Controlled bidirectional remote state preparation in noisy environment: A generalized view

TL;DR

This paper extends controlled bidirectional remote state preparation protocols to a broad class of entangled states and analyzes their robustness under amplitude-damping and phase-damping noise affecting travel qubits.

Contribution

It generalizes existing remote state preparation protocols to controlled bidirectional scenarios and models the impact of common noise channels on these protocols.

Findings

Protocols are adaptable to a large class of entangled states.

Noise effects on probabilistic, deterministic, and joint protocols are systematically analyzed.
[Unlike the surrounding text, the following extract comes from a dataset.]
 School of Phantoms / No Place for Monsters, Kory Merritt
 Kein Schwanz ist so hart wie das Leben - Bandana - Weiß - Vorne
Insights into maintaining protocol fidelity under realistic noisy conditions.

Abstract

It is shown that a realistic, controlled bidirectional remote state preparation is possible using a large class of entangled quantum states having a particular structure. Existing protocols of probabilistic, deterministic and joint remote state preparation are generalized to obtain the corresponding protocols of controlled bidirectional remote state preparation (CBRSP). A general way of incorporating the effects of two well known noise processes, the amplitude-damping and phase-damping noise, on the probabilistic CBRSP process is studied in detail by considering that noise only affects the travel qubits of the quantum channel used for the probabilistic CBRSP process. Also indicated is how to account for the effect of these noise channels on deterministic and joint remote state CBRSP protocols.